Re: [tied] Re: Pronouns again

From: Jens Elmegaard Rasmussen
Message: 19453
Date: 2003-03-01

> Jens: [...]
>>The ending -nga is undoubtedly related to the 1sg possessive marker
>> *-ka. The nucleus must be the /k/ which, by general rule, would be
>> nasalized in word-final position (its Aleut counterpart is in fact
>> -ng). I have had grave trouble making out why there is nasalization
>> also in the
>>intransitive ending -nga.

> I would have guessed that the Aleut ending shows the original state of
> affairs and that -a has been secondarily added to Inuktitut -nga.

Sure, that's one of the two possibilities I spelt out in the mail you're
replying to. It's the only one I have published. Nice to know it's the
better one.

>>It begins fine: [...] But can *-g^ mean 'I'?
>
> No. The interpretation of *-g- as an already existant emphatic particle
> is logically sufficient, as opposed to an idle connection with PEskimo
> *-ka.

Well, many things are logically sufficient without being true. There are
often *many* posibilities. Even so, I fail to see the idleness of
highlighting the similarity between Eskimo {'there' + -k} and PIE {'there'
+ -g^} both meaning 'I'. Most true cognates look less similar.

>>The PIE morpheme corresponding to Esk. -nga (or *-k) is *-H2,
>
> While I agree with this connection, there are approximately some 6000 to
> 8000 years of prehistoric development to explain for both language
> families. It would seem to me that Proto-Boreal, ancestral to EskimoA,
> CKam, Yukaghir and Uralic, would have had two distinct 1ps endings
> marking subjective and objective: *-m and *-N.

Was there not a *-K also? I find it much harder to find an *-N.

>>Could the front vowel have palatalized the old velar?
>
> The *g^ in PIE is not palatalized. It's a plain velar. It is only
> palatalized in later satem dialects.

The three PIE velar series which are not in complementary distribution in
any arrangement.

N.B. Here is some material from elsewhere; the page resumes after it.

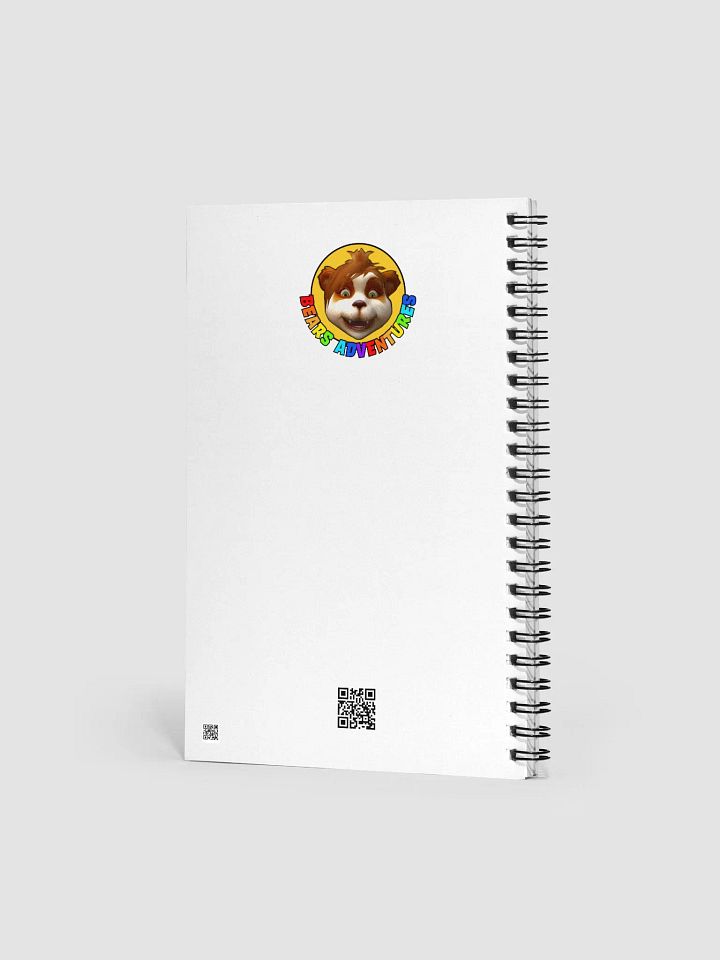 Things & Stuff - Spiral Notebook product image (2)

There is no way they can have been created secondarily
after the dissolution of the protolanguage.

> Plus, I feel that *eg- was in fact a _verb_ signifying "to be here",
> which is the reason for the enclitic *ge which served merely as a filler
> consonant to go between the stem and the pronominal ending *-o:.

The *-o: is only found in Italic and Greek; a number of other languages
point to a shorter form, in fact to exactly what remains if we leave out
the *-o: of ego:. That makes it unattractive to locate the message "first
person pronoun" in this part. Alas, I am not endowed with a sense to make
me feel which part of a word means what. There may be others of my kind;
could you teach us your tricks?

>>Inflected forms of 'I' begin with *m- in IE. Curiously, also the forms
>> of the dual and plural reflect /m/ (in part changed to /w/ by rule, and
>> in part apparently dissimilated to /n/ which looks more like a
>> spontaneous event). In none of these cases is the consonant in
>> word-final position.
>
> Was there not an athematic, non-indicative 1ps *-m? How did that get
> waved away?

It did not, I explicitly conceded that this item does not fit the picture.
It all boils down to the question whether what looks like three series (1)
*-k/*-m-, (2) *-k/*-m-, (3) *-m/*-m- can be assumed to reflect a single
series *-k/*-m-, with paradigmatic levelling being responsible for the *-m
of (3).


>>It may be noted that PIE has other cases of an interchange of /m/ and
>> /H2/. One could cite the roots *gWem- and *gWeH2- 'come, go' [...]
>> there are also *drem-/*dreH2- 'run' and another *drem-/*dreH2- 'sleep'.

> Given that there are many other verbs with an optional *-H2-, I think
> not.

I see no basis for this statement. What exactly is it that you do not think?